Tuesday 1 May 2012

Alice Hartley's Happiness

Finished April 29
Alice Hartley's Happiness by Philippa Gregory

My mom bought this book last summer when we were in a discount book store. The reason she bought it is that Alice Hartley was also my (paternal) grandmother's name. Scanning the back cover where it said "Alice Hartley is a woman in her prime. Yet she is not happy. Her husband refuses to respond to her mature delights, leaving her powerless as his interest strays elsewhere. ..." grabbed our attention. When my grandma asked me for books, she was always careful to tell me "no sex", so this description seemed too funny.
My mom read it last summer, often laughing out loud and reading me passages. It's been sitting in my pile since then, and since I've been sick for a few days it seemed a nice light read, and it was perfect.
I think of Philippa Gregory for her historical novels, well-researched and with great characterization.
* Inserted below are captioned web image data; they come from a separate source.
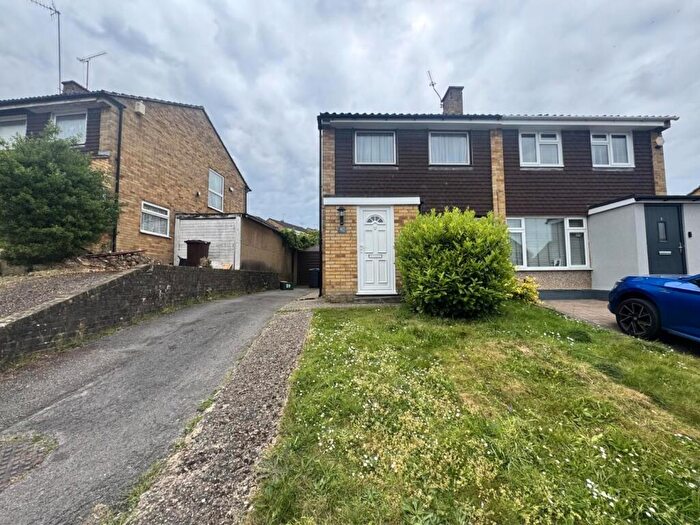 3 Bedroom Semi-Detached House To Rent In Primrose Drive, Ditton, ME20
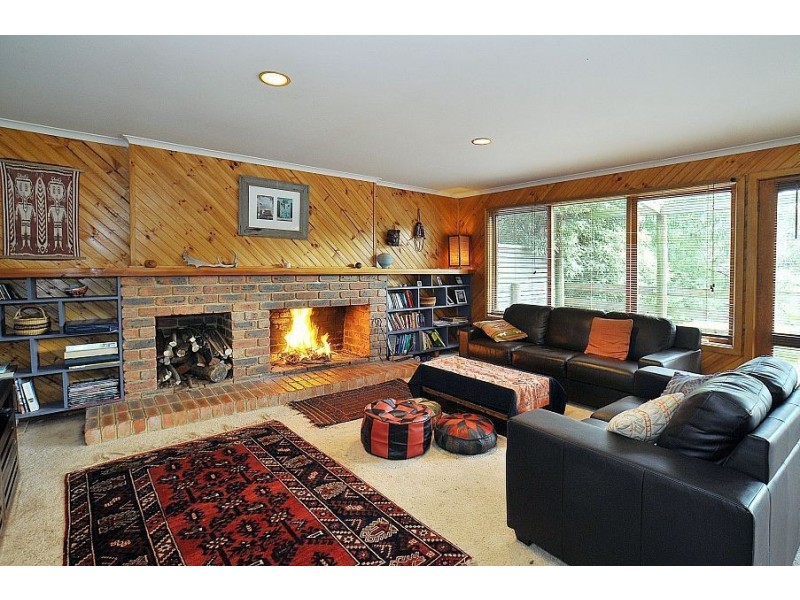 133 Alexander Avenue, Upwey VIC 3158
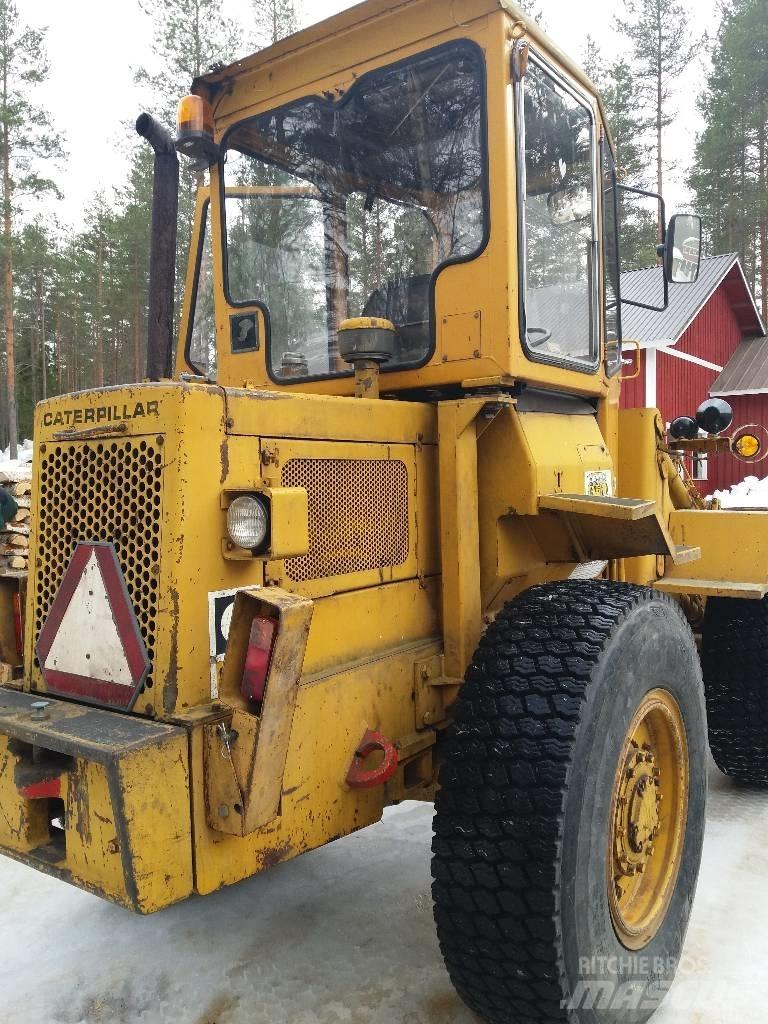 CAT 910  휠로우더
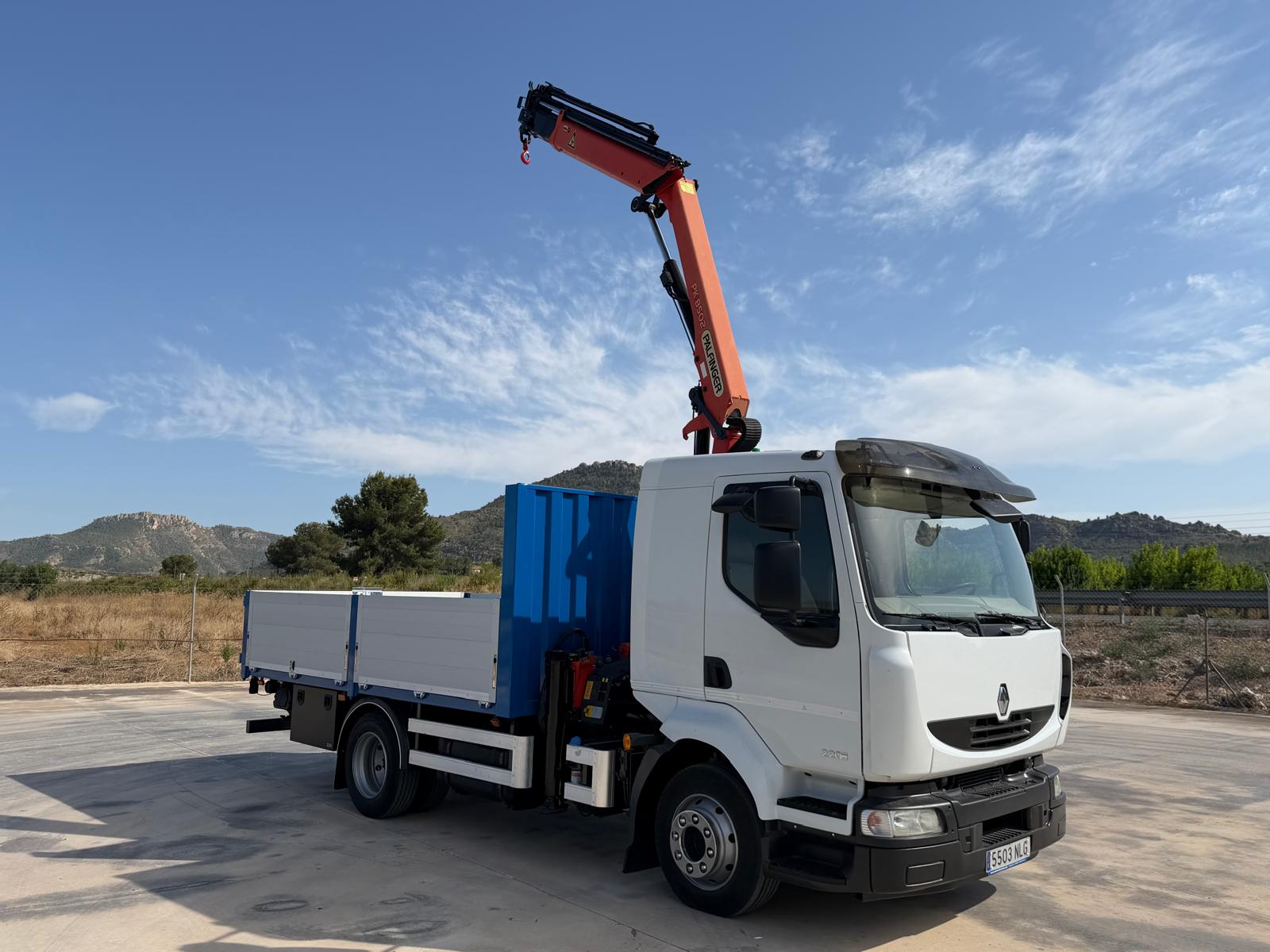 GRUA PALFINGER PK 8502 Y CAJA FIJA 4.20 M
This book shows the research and characterization, but is a total hoot. It's a send-up of romance novels, but with a nice humorous base in the men versus women power struggle. Alice takes advantage where she sees it, and finds that she sees what appeals to not only women her age, but many other women and some men too.
One of my favourite lines: "Why do they never learn - these fictional characters who so blithely trigger their own denouement?" I also loved the session with the young mothers doing affirmations.
A wonderful, side-splitting, grin-inducing novel. Enjoy it.